Do you think the LW users in question are guilty of this?
Never mind that many useful concepts introduced in LW-sphere blog posts (“ugh fields”, “moloch”, “pulling the rope sideways”, “Pascal’s mugging”) have entered the broader lexicon of hundreds or thousands of 130+ IQ high-income do-gooders.
This is compatible with the belief than most of the marginal benefit of spending time on LessWrong is entertainment.
People have some kind of tendency to believe that if a conversation happens on the internet, it isn’t very important or worthwhile. Surely the only important and worthwhile words are written in high-status media like books and journal articles. And the only important and worthwhile conversations happen in the offices of tenured professors at prestigious universities, not in the open thread of some obscure group blog.
Never mind that many useful concepts introduced in LW-sphere blog posts (“ugh fields”, “moloch”, “pulling the rope sideways”, “Pascal’s mugging”) have entered the broader lexicon of hundreds or thousands of 130+ IQ high-income do-gooders. Never mind that few people read academic papers, much academic writing is terrible, and many books have a high word-to-idea ratio. Never mind that even obscure blog comments can be read by a triple-digit number of people (bigger than a typical college class) or even paraphrased by Peter Singer in a published book marketed to a wide audience (he paraphrases blog comments in The Most Good You Can Do).
Just because you find it entertaining doesn’t mean you are wasting your time. Less Wrong is as good as we all make it.
Not quite. An average conversation on the ’net isn’t very important or worthwhile. However the tails are long and once you get far away from the mean, some very important and worthwhile conversations can be had.
Sure. It doesn’t seem like the median book/journal article is very special either though.
No, but at least it probably had considerably more effort behind it :-)
I am not quite sure against whom (or what) are you arguing.
Against this statement:
Some Less Wrong posts clearly have a lot of effort put in to them. And some seem to me quite valuable, even to the point of potentially “changing the world” the way the best journal articles do.
The content is more important than the medium. I think high-quality content is a self-fulfilling prophecy to a certain degree.
Ah, I see. The thing that strikes me here is the difference between “potentially could” and “will”—having conversations is not quite the same thing as going out and actually doing stuff.
Seems to me you underestimate the difficulty of changing the world.
I just read Elon Musk’s biography a few weeks ago and that put me in a pretty good mood :) It doesn’t seem like there are many competent, determined people who are bold enough to think they can do something great. In our society, thinking you can do something awesome is considered naive, so people who want to appear sophisticated rarely think this. Which is its own self-fulfilling prophecy. People were derisive of Elon for years before he ended up proving himself right. “The people who are crazy enough to think they can change the world are the ones who do”—cheesy but likely true.
The “competent” part is the iffy one, but the startup world is chock-full of “determined people who are bold enough to think they can do something great”. The great majority of them, of course, fail.

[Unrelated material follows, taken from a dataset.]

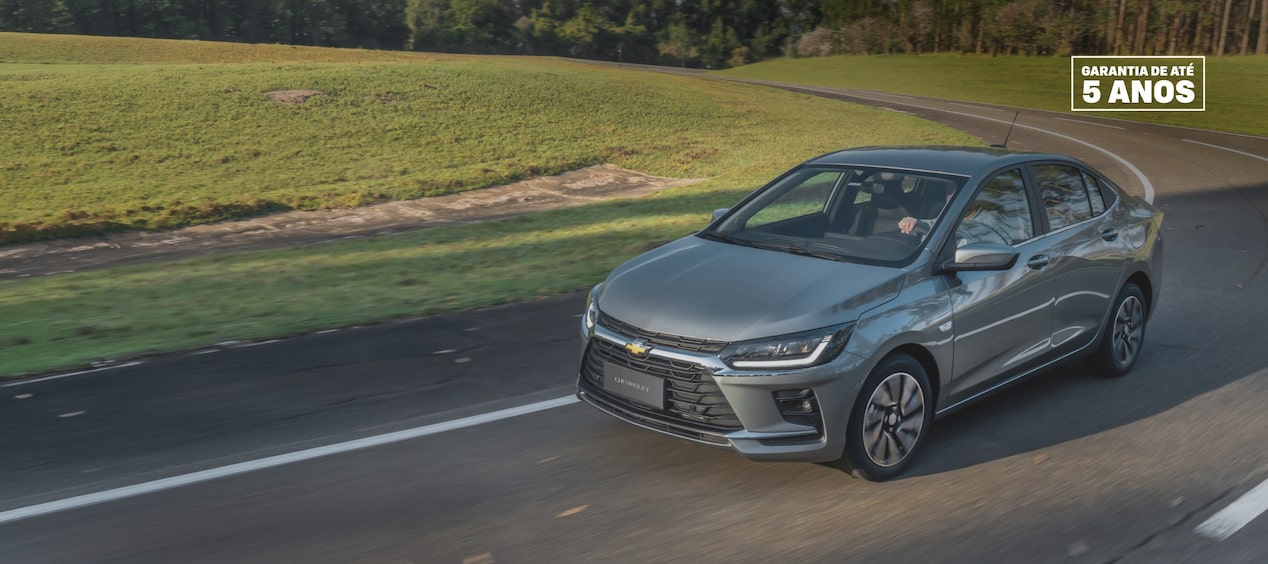 Chevrolet Onix Plus 2027 na cor prata shark em movimento em uma estrada.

The problem with making high-stakes bets (e.g. on one’s career path) is that the expected outcome of failing will be pretty painful.
...yet the ones that succeed end up having a huge impact on the world economy. I’m willing to be a missile that misses its target.
Anyway, we are talking about blog posts here not careers :) The downsides of accidentally writing a lousy blog post are not large.
Do you think the LW users in question are guilty of this?
This is compatible with the belief than most of the marginal benefit of spending time on LessWrong is entertainment.